L’aumento degli episodi di violenza, insieme alle continue dichiarazioni razziste dei ministri e dei deputati della Knesset – solo pochi giorni fa il ministro degli interni dichiarava che «Israele appartiene all’uomo bianco», dimenticando, tra l’altro, le sue origini tunisine – stanno preoccupando il ministro degli esteri israeliano. Le affermazioni di Eli Yishai, Danon, Regev stanno infatti arrecando «danni irreparabili» all’immagine pubblica di Israele all’estero, soprattutto negli Stati uniti. Per la prima volta, i media americani hanno usato il termine «disordini razziali» per descrivere ciò che è accaduto nel sud di Tel Aviv, causando un duro colpo all’immagine di Israele specialmente tra la comunità nera e tra i liberali americani.

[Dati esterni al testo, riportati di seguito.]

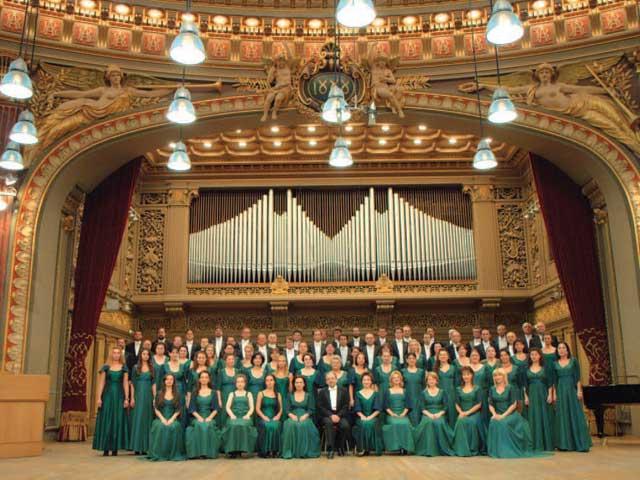 Corul Filarmonicii George Enescu – 60 de ani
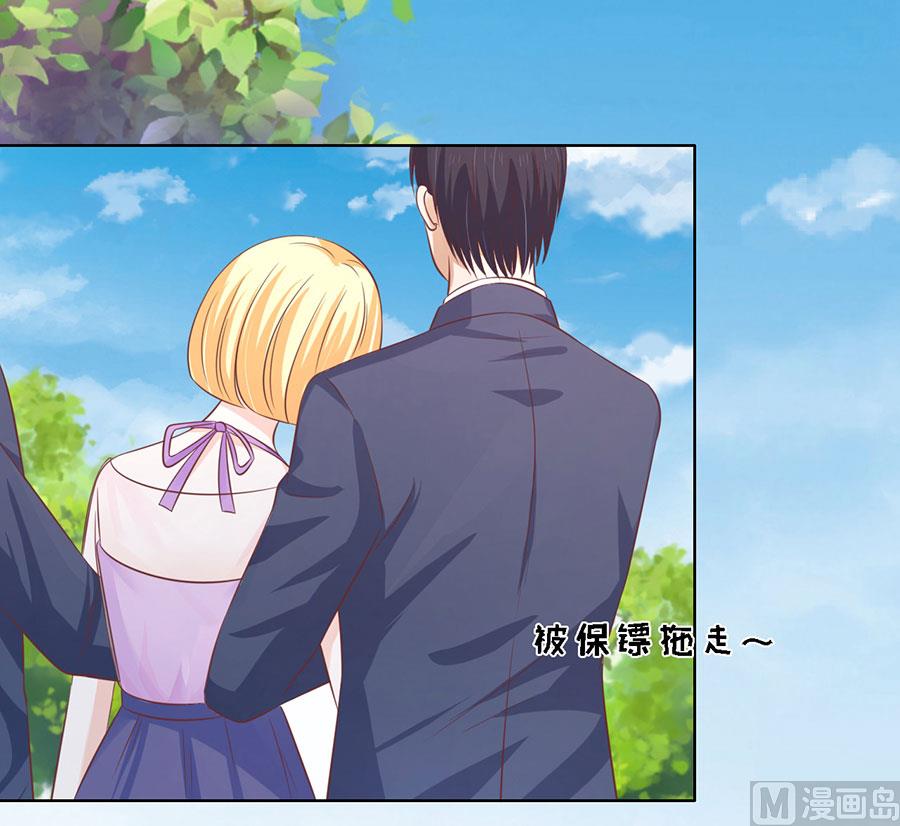 第176话 论坛风波-第176话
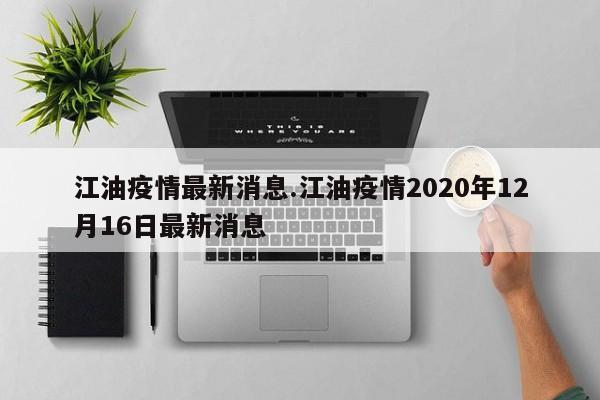 江油疫情最新消息.江油疫情2020年12月16日最新消息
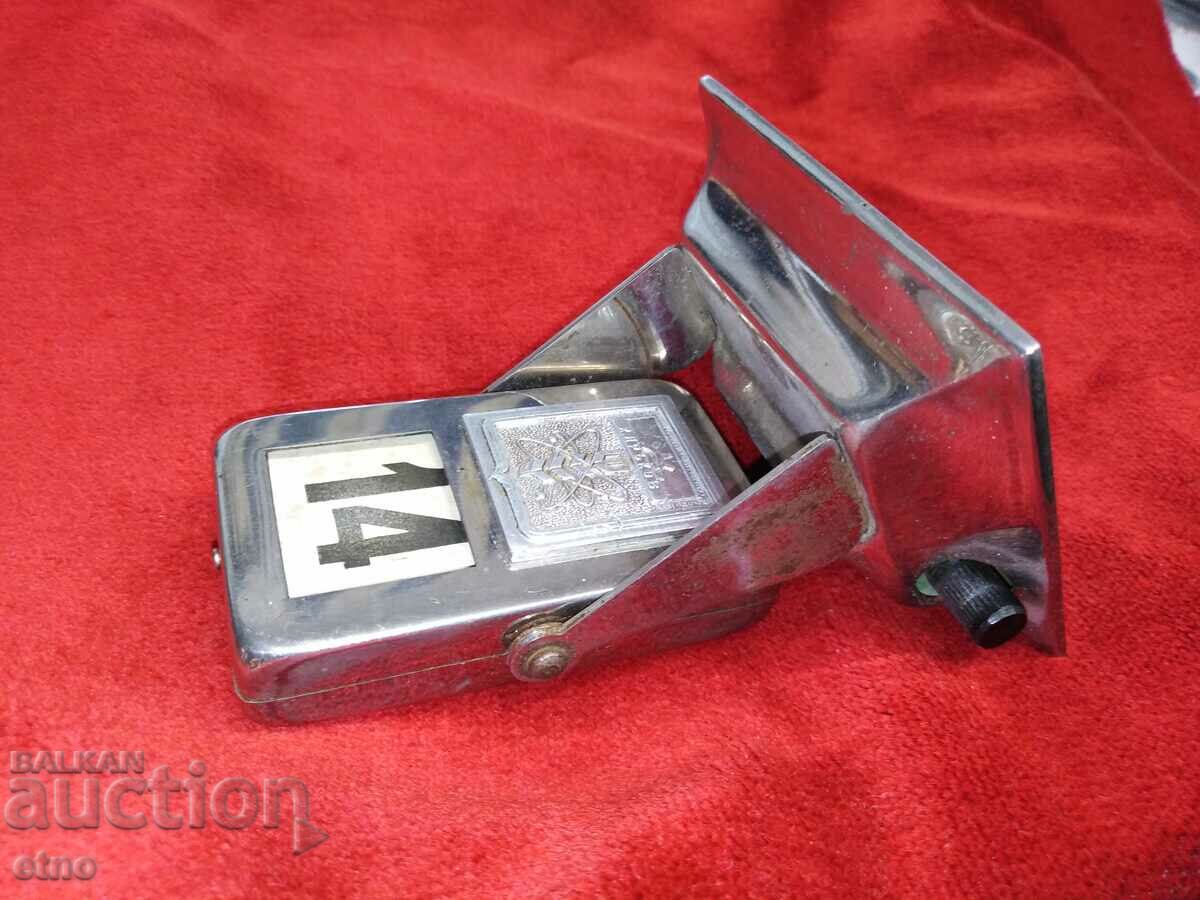 USSR DESK CALENDAR - 5 USSR DESK CALENDAR - 5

Se per il ministro degli esteri il problema di queste dichiarazioni è nella forma più che nella sostanza per altri il problema deve essere affrontato alla radice.
Alcuni vedono in ciò che sta avvenendo l’ennesima dimostrazione dell’impossibilità di stabilire uno stato che sia allo stesso tempo ebraico e democratico. «I nipoti delle vittime della Germania nazista … dovrebbero sapere come identificare i tratti caratteristici del fascismo – afferma lo storico Michael Warschawski – I nipoti e i bisnipoti di quei rifugiati e di quei sopravvissuti dovrebbero provare empatia per i profughi… Ma lo “stato d’asilo” è diventato uno stato fascista nel quale le necessità del potere hanno completamente rimpiazzato quelle dei diritti e l’empatia ha lasciato il posto all’odio verso lo straniero. Siamo un’altra prova che l’esperienza della persecuzione non conduce necessariamente all’empatia verso i perseguitati. La tradizione ebraica è piena di comandamenti d’amore verso lo straniero. Non si tratta semplicemente di trattare qualcuno con dignità , ma di vero amore».